Study funded by eu travel tech and carried out by Professor of Law Christoph Busch analyses local market restrictions on STR services across the EU. It concludes that the availability of STR data will likely drive local policymaking towards a more targeted and evidence-based approach.
Ahead of the adoption at EU level of the Regulation on-short-term rentals (STRs), today, eu travel tech releases the study “Regulating Short-Term Rentals: Towards Data-Driven Policymaking?”. The study sheds light on the different approaches taken by Member States to regulate STRs and answers questions related to these measures’ proportionality and compatibility with EU law. Further, it anticipates that the STR data collected following the application of the new EU Regulation will lead some Member States to reconsider their approach to STRs in favour of more targeted and evidence-based policies.
STRs represent 25% of the total supply of tourist accommodation in the EU. The benefits and challenges that these types of accommodations bring have been extensively discussed in recent years. The study analyses market access restrictions imposed on STRs services at the national, regional and local level in response to the emerging challenges: from outright bans to quotas and limits to the number of nightly stays allowed per STR. The picture is one of a myriad of different requirements emerging across the EU and highly fragmented approaches when it comes to regulating the STR tourism economy.
The local regulation of STR activity is underpinned by key EU principles. The EU Services Directive, which seeks to facilitate the freedom of establishment for service providers and the free movement of services in the EU, protects STR providers against discriminatory and disproportionate market access restrictions. However, as the Services Directive is a horizontal instrument, which applies across a broad range of different sectors, it does not provide any specific rules tailored to STR activities.

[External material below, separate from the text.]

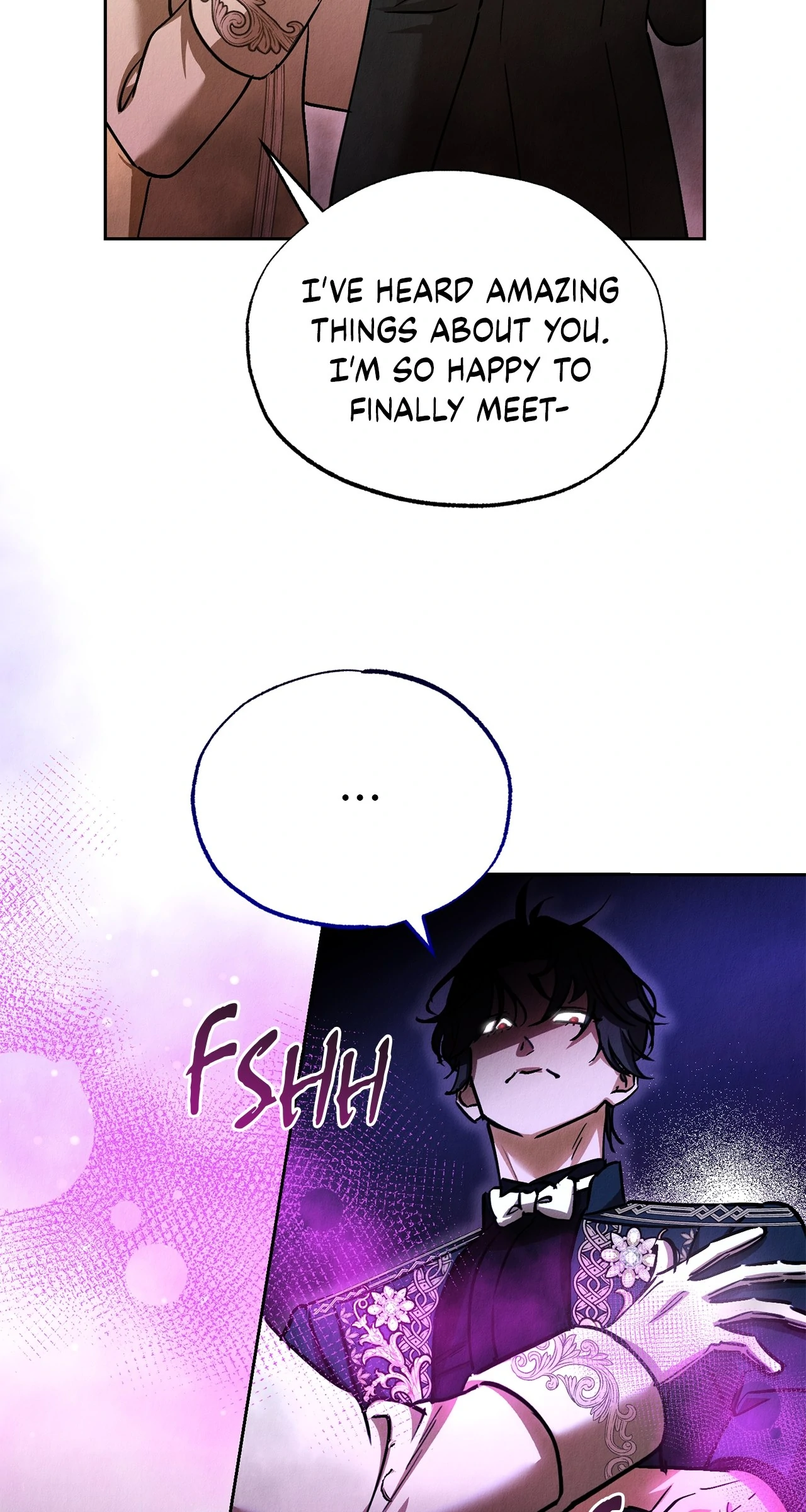 How the Sidekick Prince Lives Again Chapter 31 - page 26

As the study highlights, the CJEU Cali Apartments ruling has contributed to clarifying some legal questions regarding the regulation of STR providers and the application of the Services Directive to the STR sector. In this regard, a total ban on STRs can only be seen as a justifiable measure in very exceptional circumstances. Totals bans have been introduced for example in Nice, Amsterdam and Barcelona and have in several cases been declared illegal by courts. “If granular data on STR activity is available under the planned STR Regulation, a blanket ban of all STRs across several districts can no longer be considered,” says the study. With regard to quantitative restrictions, the study highlights that they can only be a measure of last resort. Quotas, for instance, should only be applied if there is clear evidence that other measures have failed to protect public interest objectives.

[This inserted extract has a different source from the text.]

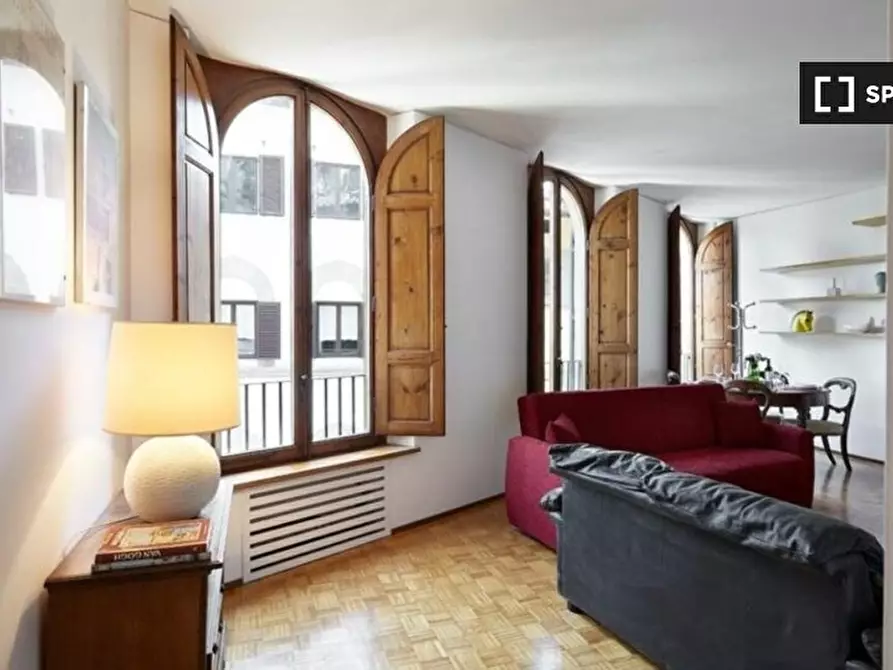 Immagine 13 di Appartamento in affitto  in Costa Scarpuccia a Firenze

The study stresses that the requirements for justifying market access restrictions will increase once the planned STR Regulation takes effect. “Public authorities will have to implement a more data-driven approach to STR regulation that is based on up-to-date market data and thus more responsive to the dynamic development of the STR market,” concludes the study.
The study is the result of independent research funded by eu travel tech and conducted by Professor Christoph Busch, Professor of Law at the University of Osnabrück and Affiliated Fellow at the Yale Information Society Project.